An Aria of Omens by Patrice Greenwood. This third in her “Wisteria Tearoom Mysteries” might be the strongest. I enjoyed the use of the Santa Fe Opera as a setting. As a bonus, two original recipes – one for a cocktail, one for a dessert, are included. I want an Aria Cake now!
Corto Maltese: The Ballad of the Salt Sea by Hugo Pratt. Many years ago, Roger Zelazny turned me on to the Corto Maltese graphic novels. They’re weird and wonderful, managing to seamlessly blend hard historical realities and mystic adventure. I always thought there was a story pre-dating the collections Roger sent me, even though the first one in the set (The Brazilian Eagle) was neatly labeled “1.” Imagine my delight and surprise when, while searching the shelves at my public library for something else entirely, I came across this. In some ways this volume is not as strong as some of the later stories, either in art or plot, but it’s still a great adventure tale.

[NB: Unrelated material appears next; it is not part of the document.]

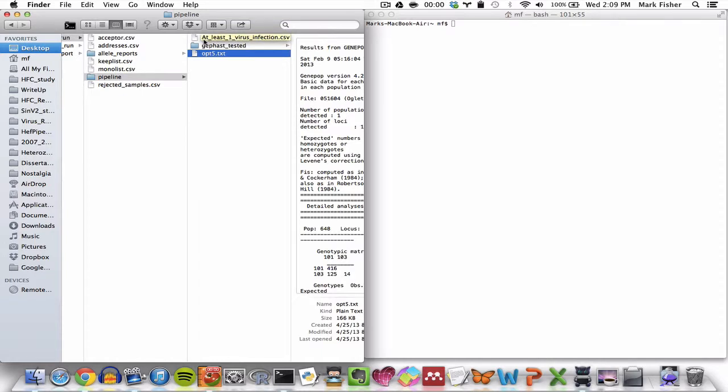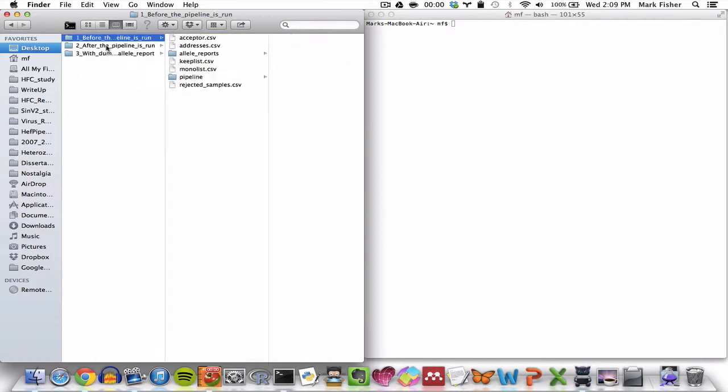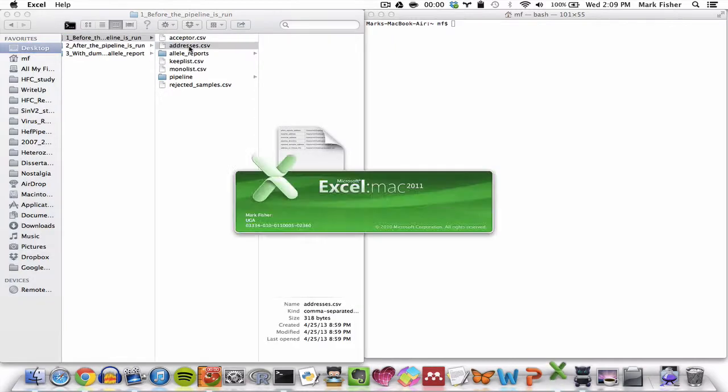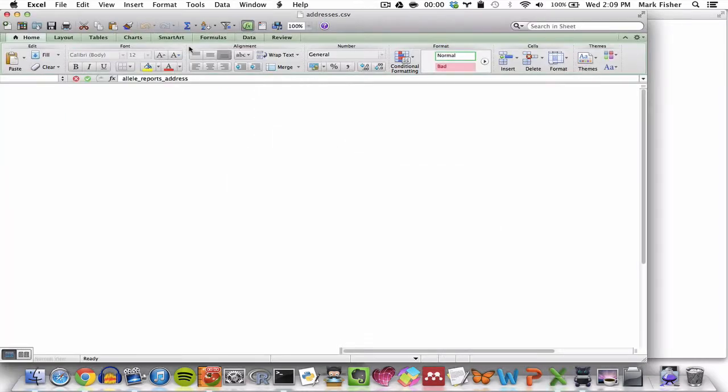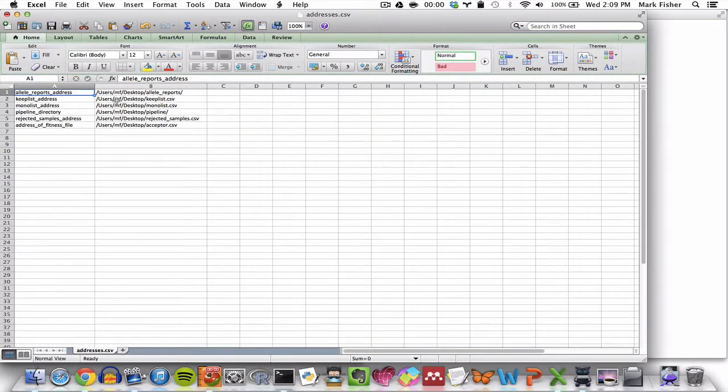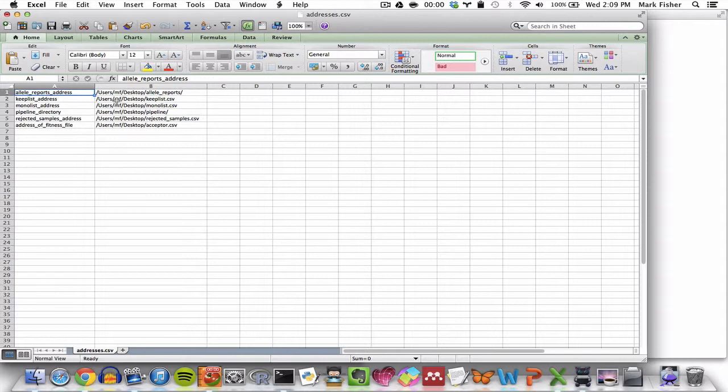So let's begin with this directory, the before the pipeline is run directory. We'll open the addresses file, right here, and we'll place the example files that are referenced in here in the locations that we want on our computer. And then we'll update the paths in column B to reflect where we've put these files.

Reading it led me to pulling out the other eight graphic novels, published by NBM, and starting re-reading. I’m up to number seven out of eight…
Recast by Seung Hui Kye. This Korean manga starts out seeming a little too much like those shonen (boy’s) manga that are thinly disguised adaptations of video games. However, I was interested enough by the end of the first three volumes to order the remaining three that our library has in stock.
Lean Mean Thirteen by Janet Evanovich. Audiobook.
Twelve Sharp by Janet Evanovich. Audiobook. This may be one of the best in that Stephanie Plum puts herself on the line for Ranger, rather than waiting for him to pull her out of trouble. A nice bit of character development.
Kim by Rudyard Kipling. Audiobook, superlatively read by Margaret Hilton. Often touted as the first spy novel, it’s so, so much more…
Border Ambush by Melody Groves.
Got A Revolution: The Turbulent Flight of Jefferson Airplane by Jeff Tamarkin. Jim and I recently watched a documentary. I decided I wanted to learn a little more.
Days of Blood And Starlight by Laini Taylor. Audiobook. I listened to the first book in the series, Daughter of Smoke and Bone, a couple months ago.
And, as mentioned above, the final two volumes of Corto Maltese.
Within the Last Couple Months:
Bless Me, Ultima by Rudolfo Anaya. Whenever Southwestern Spanish literature is mentioned, this book is sure to come up. I found it very slow to get started, as if the author felt he needed to anchor the eventual mystical material very solidly in little boy snot and piss. However, by the time I was finished, I was glad I’d taken the time to read it.